For example, a PMC equivalent material can be used to form a PMC boundary condition surface that is at least λd/2 wide to surround an AiP underneath a back cover of a mobile phone. The PMC boundary condition surface can effectively function as a magnetic conductor over a certain frequency range. The PMC boundary condition surface can electronically truncate the back cover to a finite size similar to the antenna array aperture. The PMC boundary condition surface effectively helps form an antenna radome for the AiP underneath the back cover of the mobile phone.
A PMC equivalent material can be an artificial electromagnetic (EM) material that can achieve or approximate a PMC boundary condition that has high impedance and is nearly lossless. A PMC equivalent material can be implemented using an artificial EM material with different structures, such as, an electromagnetic band gap (EBG) structure or a photonic bandgap (PBG) structure. PBG structures are generally infinite periodic structures of dielectric materials that prevent propagation of EM waves at certain frequencies. For finite rather than infinite PBG structures, the propagating signal is attenuated over a specified frequency band. Although “photonic” refers to light, the principle of “bandgap” applies to electromagnetic waves of all wavelengths. PBGs provide some degree of three-dimensional control of the propagation of EM waves. In some implementations, truly three-dimensional PBGs are needed for full control via the effects of PBGs.
The described techniques also allow a co-design of an mmWave antenna system of a device and the dielectric cover of the device so as to implement a radome for the mmWave antenna system adaptive to different surroundings of the device. For example, various parameters of the PMC equivalent material (e.g., a structure, a dimension, etc.), the antenna (e.g., a type, a radiation pattern, etc.), the back cover (e.g., a type of material, a shape, size, etc.), and other factors in the surrounding environment can be designed or otherwise configured to optimize or otherwise improve antenna performance. For example, the PMC equivalent material can include multiple metallic elements, wherein a shape and dimension of each of the multiple metallic elements are determined based on dielectric parameters of the device cover and a distance between the device cover and the antenna system. In some implementations, the PMC equivalent material can include multiple holes in a dielectric substrate, wherein a shape and dimension of each of the multiple holes are determined based on dielectric parameters of the device cover and a distance between the device cover and the antenna system.

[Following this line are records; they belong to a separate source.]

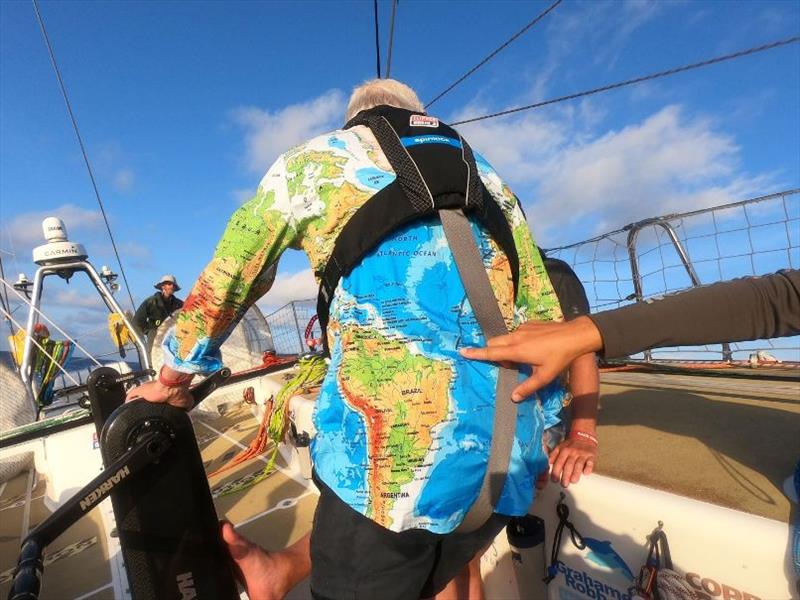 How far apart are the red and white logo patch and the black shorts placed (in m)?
0.88

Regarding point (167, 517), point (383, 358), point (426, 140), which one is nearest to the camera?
point (383, 358)

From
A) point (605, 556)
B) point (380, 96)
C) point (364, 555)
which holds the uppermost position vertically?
point (380, 96)

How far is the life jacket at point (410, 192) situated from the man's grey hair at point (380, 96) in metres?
0.11

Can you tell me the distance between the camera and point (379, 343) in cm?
94

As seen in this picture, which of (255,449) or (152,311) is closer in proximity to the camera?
(255,449)

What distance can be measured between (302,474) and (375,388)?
2548mm

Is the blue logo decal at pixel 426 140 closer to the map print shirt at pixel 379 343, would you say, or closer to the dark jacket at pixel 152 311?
the map print shirt at pixel 379 343

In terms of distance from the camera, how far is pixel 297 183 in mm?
1003

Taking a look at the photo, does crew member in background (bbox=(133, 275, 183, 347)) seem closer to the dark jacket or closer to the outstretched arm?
the dark jacket

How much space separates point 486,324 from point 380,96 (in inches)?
27.7

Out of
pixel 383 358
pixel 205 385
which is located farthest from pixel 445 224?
pixel 205 385

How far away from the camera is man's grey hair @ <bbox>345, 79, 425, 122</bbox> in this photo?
48.3 inches

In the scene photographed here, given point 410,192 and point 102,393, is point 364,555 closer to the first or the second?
point 410,192

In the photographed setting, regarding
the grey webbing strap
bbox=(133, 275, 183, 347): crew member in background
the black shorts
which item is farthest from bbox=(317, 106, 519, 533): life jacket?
bbox=(133, 275, 183, 347): crew member in background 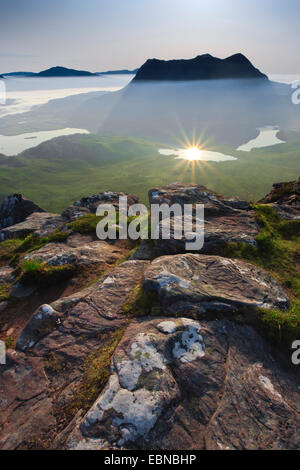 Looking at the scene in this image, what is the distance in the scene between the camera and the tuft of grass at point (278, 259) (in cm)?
915

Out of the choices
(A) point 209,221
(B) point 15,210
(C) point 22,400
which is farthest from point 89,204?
(C) point 22,400

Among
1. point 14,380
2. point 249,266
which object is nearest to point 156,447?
point 14,380

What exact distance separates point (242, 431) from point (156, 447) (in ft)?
7.62

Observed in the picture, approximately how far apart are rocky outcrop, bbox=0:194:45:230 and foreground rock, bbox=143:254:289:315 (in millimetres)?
36449

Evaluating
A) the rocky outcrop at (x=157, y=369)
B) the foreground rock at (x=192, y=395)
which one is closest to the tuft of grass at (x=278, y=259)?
the rocky outcrop at (x=157, y=369)

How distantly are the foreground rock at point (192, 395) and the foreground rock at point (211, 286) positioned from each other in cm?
85

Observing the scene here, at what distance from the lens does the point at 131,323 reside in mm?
9750

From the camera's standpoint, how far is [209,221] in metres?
17.1

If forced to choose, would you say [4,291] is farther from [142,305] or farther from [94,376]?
[94,376]

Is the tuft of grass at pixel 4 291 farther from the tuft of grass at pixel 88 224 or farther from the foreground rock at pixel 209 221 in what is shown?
the foreground rock at pixel 209 221

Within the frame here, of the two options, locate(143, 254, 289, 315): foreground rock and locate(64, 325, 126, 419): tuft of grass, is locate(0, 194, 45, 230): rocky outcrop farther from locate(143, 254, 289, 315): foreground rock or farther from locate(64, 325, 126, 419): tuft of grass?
locate(64, 325, 126, 419): tuft of grass

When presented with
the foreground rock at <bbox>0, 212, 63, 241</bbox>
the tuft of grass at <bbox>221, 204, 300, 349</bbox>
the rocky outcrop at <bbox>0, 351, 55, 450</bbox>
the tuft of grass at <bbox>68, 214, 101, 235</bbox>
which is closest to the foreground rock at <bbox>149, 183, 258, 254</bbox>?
the tuft of grass at <bbox>221, 204, 300, 349</bbox>

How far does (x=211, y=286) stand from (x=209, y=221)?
727cm

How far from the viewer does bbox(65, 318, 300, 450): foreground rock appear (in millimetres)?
6422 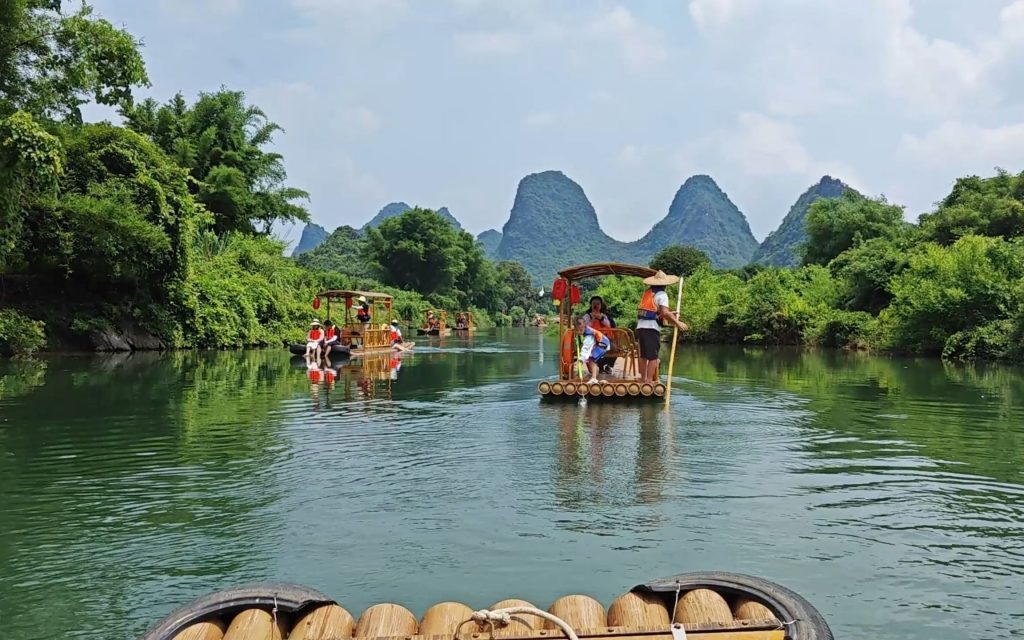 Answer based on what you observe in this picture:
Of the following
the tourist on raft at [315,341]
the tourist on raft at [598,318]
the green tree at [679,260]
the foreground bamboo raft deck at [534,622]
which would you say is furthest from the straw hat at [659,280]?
the green tree at [679,260]

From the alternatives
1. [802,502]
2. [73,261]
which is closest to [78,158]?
[73,261]

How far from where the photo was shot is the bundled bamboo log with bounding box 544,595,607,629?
3.41m

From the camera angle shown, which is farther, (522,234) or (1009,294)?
(522,234)

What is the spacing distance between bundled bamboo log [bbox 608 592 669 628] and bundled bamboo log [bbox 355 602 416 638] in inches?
34.3

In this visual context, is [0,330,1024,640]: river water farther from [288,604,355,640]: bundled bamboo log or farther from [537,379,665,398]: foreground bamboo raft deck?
[288,604,355,640]: bundled bamboo log

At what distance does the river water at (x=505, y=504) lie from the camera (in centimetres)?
466

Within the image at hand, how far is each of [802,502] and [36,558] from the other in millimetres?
5501

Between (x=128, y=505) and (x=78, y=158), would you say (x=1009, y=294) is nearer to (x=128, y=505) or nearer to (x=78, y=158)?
(x=128, y=505)

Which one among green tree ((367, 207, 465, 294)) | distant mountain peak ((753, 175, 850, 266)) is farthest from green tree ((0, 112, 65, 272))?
distant mountain peak ((753, 175, 850, 266))

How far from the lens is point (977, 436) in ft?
31.7

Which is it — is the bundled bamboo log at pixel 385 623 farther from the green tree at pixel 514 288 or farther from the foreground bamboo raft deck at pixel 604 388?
the green tree at pixel 514 288

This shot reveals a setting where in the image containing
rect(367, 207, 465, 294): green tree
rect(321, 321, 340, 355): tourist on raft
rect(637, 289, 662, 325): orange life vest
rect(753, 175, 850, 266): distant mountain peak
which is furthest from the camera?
rect(753, 175, 850, 266): distant mountain peak

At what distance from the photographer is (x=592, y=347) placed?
13586 mm

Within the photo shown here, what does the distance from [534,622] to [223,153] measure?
41049mm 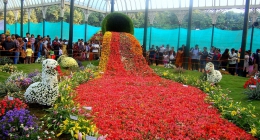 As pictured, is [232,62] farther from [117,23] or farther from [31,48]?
[31,48]

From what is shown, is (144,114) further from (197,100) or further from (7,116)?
(7,116)

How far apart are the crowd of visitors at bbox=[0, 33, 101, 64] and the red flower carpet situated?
370 cm

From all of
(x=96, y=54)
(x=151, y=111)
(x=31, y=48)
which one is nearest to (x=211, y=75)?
(x=151, y=111)

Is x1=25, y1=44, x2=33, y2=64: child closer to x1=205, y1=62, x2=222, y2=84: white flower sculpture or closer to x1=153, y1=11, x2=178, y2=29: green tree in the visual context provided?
x1=205, y1=62, x2=222, y2=84: white flower sculpture

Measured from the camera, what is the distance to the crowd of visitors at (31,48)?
39.4ft

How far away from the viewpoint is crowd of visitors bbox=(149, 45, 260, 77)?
43.9ft

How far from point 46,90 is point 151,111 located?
6.91 ft

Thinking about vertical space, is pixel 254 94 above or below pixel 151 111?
above

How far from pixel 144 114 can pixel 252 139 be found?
1940mm

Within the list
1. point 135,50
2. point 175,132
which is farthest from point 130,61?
point 175,132

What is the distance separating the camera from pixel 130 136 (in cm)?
422

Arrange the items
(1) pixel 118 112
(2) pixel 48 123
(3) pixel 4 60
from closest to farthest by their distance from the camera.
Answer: (2) pixel 48 123, (1) pixel 118 112, (3) pixel 4 60

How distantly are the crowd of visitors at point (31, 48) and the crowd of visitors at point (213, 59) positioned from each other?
4178 mm

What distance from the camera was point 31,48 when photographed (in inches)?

In some implementations, an antenna gain at 3-dB beamwidth can be achieved by an mmWave antenna system with an adaptive mmWave antenna radome compared to the one of the mmWave antenna system in free space. In some implementations, the described techniques enable mmWave antenna implementations inside of a compact mobile device (e.g., a 5G mobile device) to achieve an enhanced capacity in a multiple-input-multiple-output (MIMO) diversity system.
In some implementations, the mmWave antenna system can excite guided waves inside of a dielectric cover of a device, especially when the dielectric cover has a relatively high DK (e.g., DK>3). As illustrated in
In some implementations, the mmWave antenna system 205 can be an mmWave AiP 205 (e.g., an AiP antenna array), an mmWave AoB, or an mmWave AiM. In some implementations, the antenna system can include one or more antennas configured to operate in mmWave frequency.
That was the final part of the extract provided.